Par François-Xavier Pic,
Expert Fiscalité de la Recherche
ACIES Consulting Group

Quelles dépenses de sous-traitance retenir dans le CIR du donneur d’ordre ?

Le Bulletin Officiel des Finances Publiques (BOFIP)* indique que « dès lors qu’un projet est qualifié de projet de R&D, l’ensemble des opérations nécessaires à sa réalisation est considéré comme de la R&D, y compris dans le cas où ces opérations, si elles étaient prises isolément, ne constitueraient pas de la R&D ». Sur cette base, la position de nombreuses entreprises déclarantes est de considérer que si des travaux sous-traités ne constituent pas intrinsèquement des dépenses de R&D, mais qu’ils sont nécessaires à la réalisation d’un projet de R&D, alors ces travaux sont bien éligibles au CIR.

Depuis son édition 2015, le Guide CIR du Ministère de l’Education Nationale et de l’Enseignement Supérieur et de la Recherche (MENESR) précise de son côté que « une prestation sous-traitée qui n’est pas de la R&D n’est pas éligible au CIR même si elle est indispensable à la réalisation du projet ». Notre expérience tend à démontrer que lors de récents contrôles, les vérificateurs se basent de plus en plus sur cette restriction et exigent dorénavant des contribuables qu’ils leur fournissent la preuve que les travaux confiés à des sous-traitants constituent bien individuellement de la R&D.
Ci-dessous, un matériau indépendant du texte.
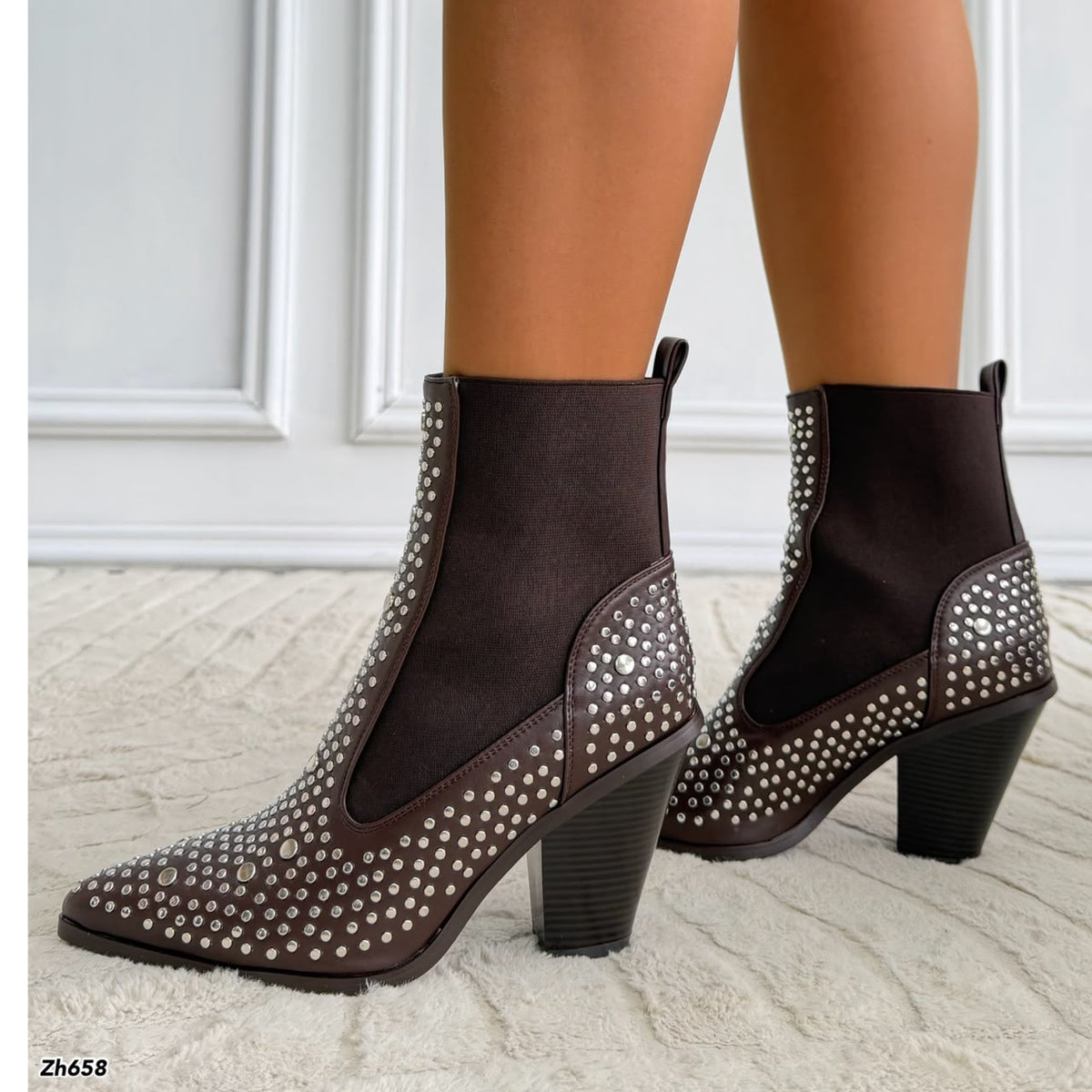 Botin texano café detalle resorte apliques plateado tacon 10cm  HX3379-B0238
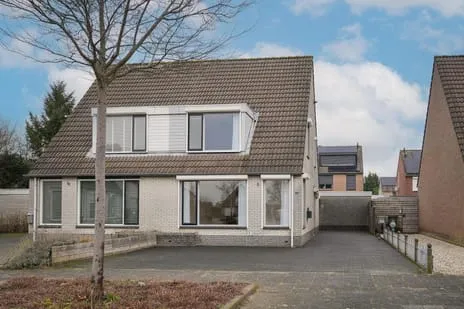 Semi-detached for sale: Fruithof 18, Heerewaarden Heerewaarden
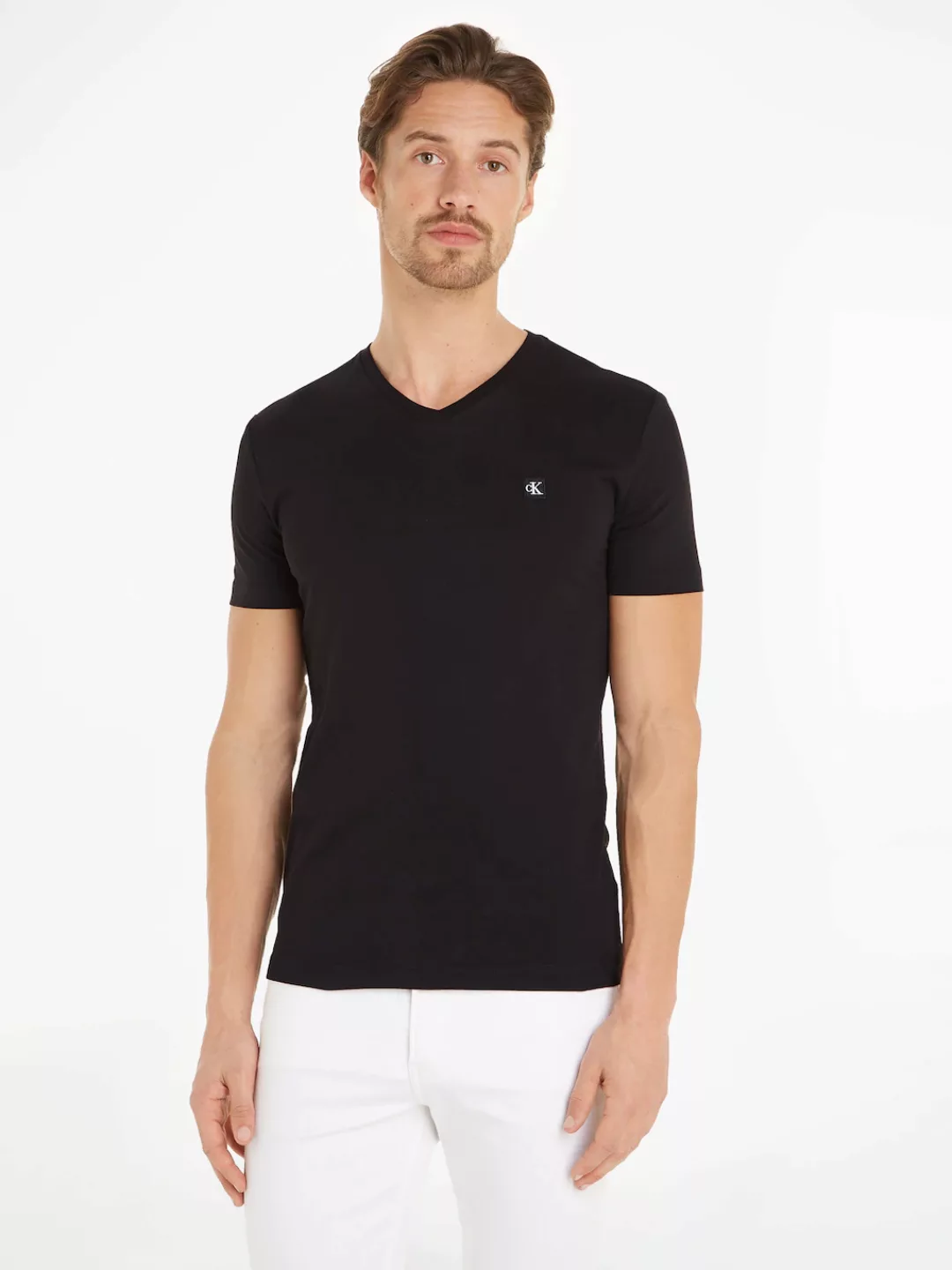 Calvin Klein Jeans T-Shirt CK EMBRO BADGE V-NECK TEE mit Logopatch günstig online kaufen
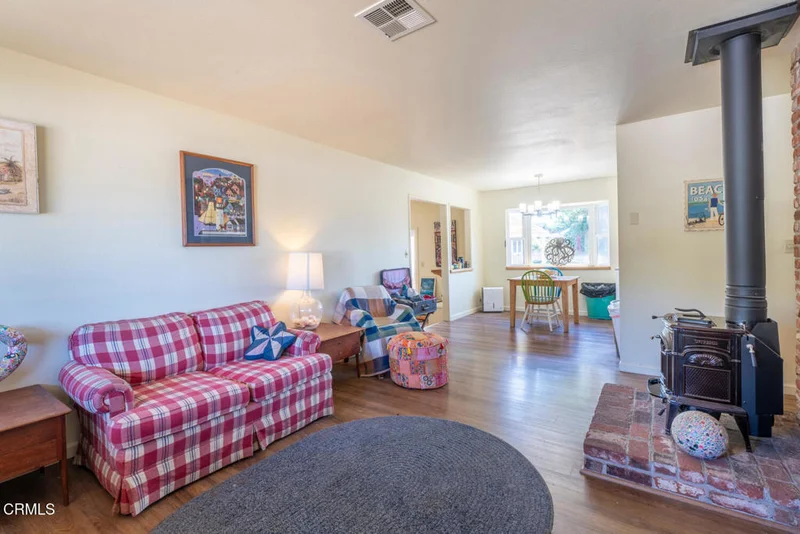 Photo 2 of 1072 E Chestnut Street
Dans un tel contexte, le risque de questions et d’investigations approfondies de la part d’un vérificateur, si ce n’est de redressement, nous paraît accru. Ce risque ne pourra être minimisé qu’à travers la constitution en amont du dépôt du dossier CIR d’un argumentaire solide sur la nature et la composition des travaux de recherche effectivement sous-traités. Ce constat nous pousse également à légitimement nous interroger sur la possibilité d’une modification à venir de la doctrine administrative sur le sujet.